Angela has proven to be inspirational to many peer athletes, and younger people entering ‘athletics’ but naturally focused on the strange environment of HILL RUNNING…!!! In what other sport can there be such complexity of variation?
Angela too has given back in huge effort ‘a balance of what she has gained and taken for hill running’ by dedication to the furtherance of the sport and always active in its development and promotion (it is no wonder that Angela and our sport’s dear departed maestro Martin Hyman got on so well, as athlete benefiting from coach and mentoring, the athlete to develop into a ‘mentor and coach’ herself).
Compiling a Profile of such a Talent is a big job!
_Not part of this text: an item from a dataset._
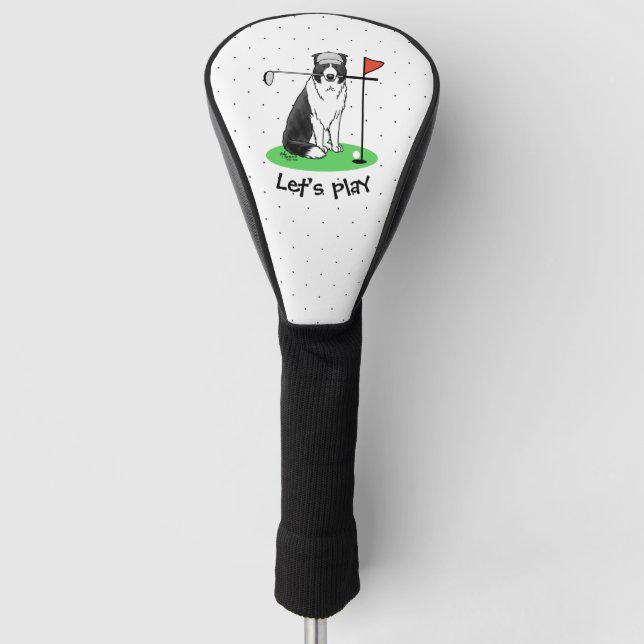 Border Collie Dog Golf spielen (schwarz & weiß) Sp Golf Headcover (Vorderseite)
The athletic career spanning so many years; some years of prolific racing in all manner of events….races, various Championship races, Trials/ selection races, Internationals, Grand-Prix series, etc.
Trying to understand ‘the person’ the background, the introductions, the development, the range of performances (look at ‘overall placings [o/a] in races’, which some peers will understand included positions high up in amongst top-class male athletes!), the motivation when things go badly wrong, the recovery and courage to go again, the humility in both winning and being defeated, the drive, and the passion, the utmost LOVE of the HILLS (Angela is a die-hard woman of Scotland!)/ MOUNTAINS (or elsewhere in the World!) and WILD PLACES …Angela Mudge …a complex, hugely successful Woman who is a super-star by any account.